Using the material below, repeat exactly the lines from the one with "Richmond Braves 1995 Media Guide" through the one with "Reloj con una", ends included, without any images.

▶ _Provided entries_
== Segment start ==

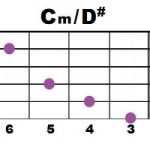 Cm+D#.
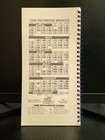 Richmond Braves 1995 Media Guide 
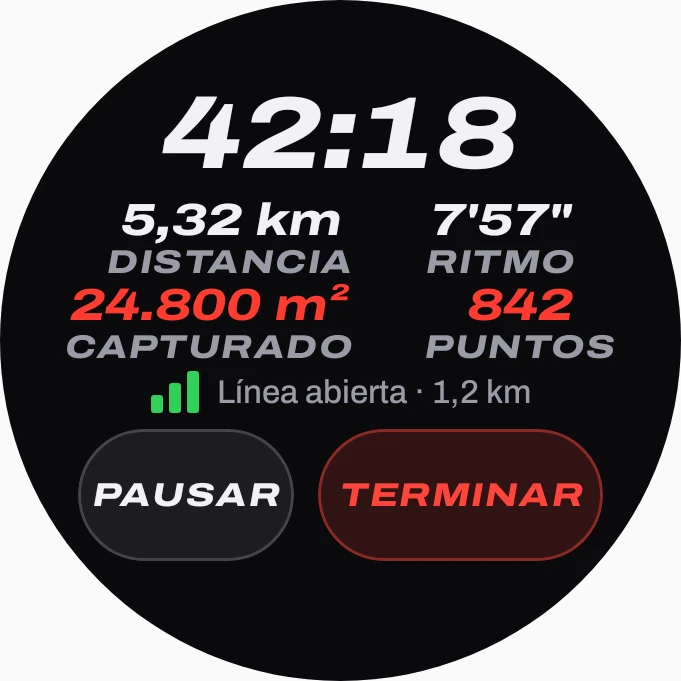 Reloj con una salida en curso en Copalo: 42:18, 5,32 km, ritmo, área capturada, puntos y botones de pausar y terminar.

== Segment end ==
== Segment start ==

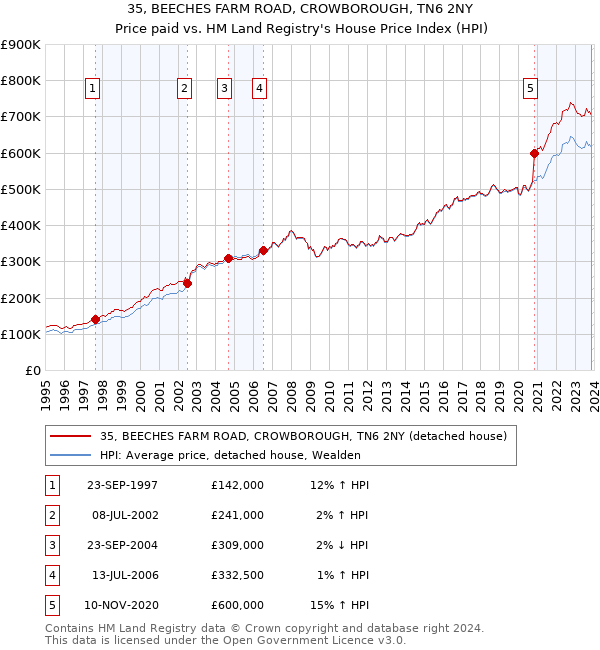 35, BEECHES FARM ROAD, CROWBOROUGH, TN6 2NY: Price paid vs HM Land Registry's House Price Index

== Segment end ==

▶ _Response for this exercise_
 Richmond Braves 1995 Media Guide 
 Reloj con una salida en curso en Copalo: 42:18, 5,32 km, ritmo, área capturada, puntos y botones de pausar y terminar.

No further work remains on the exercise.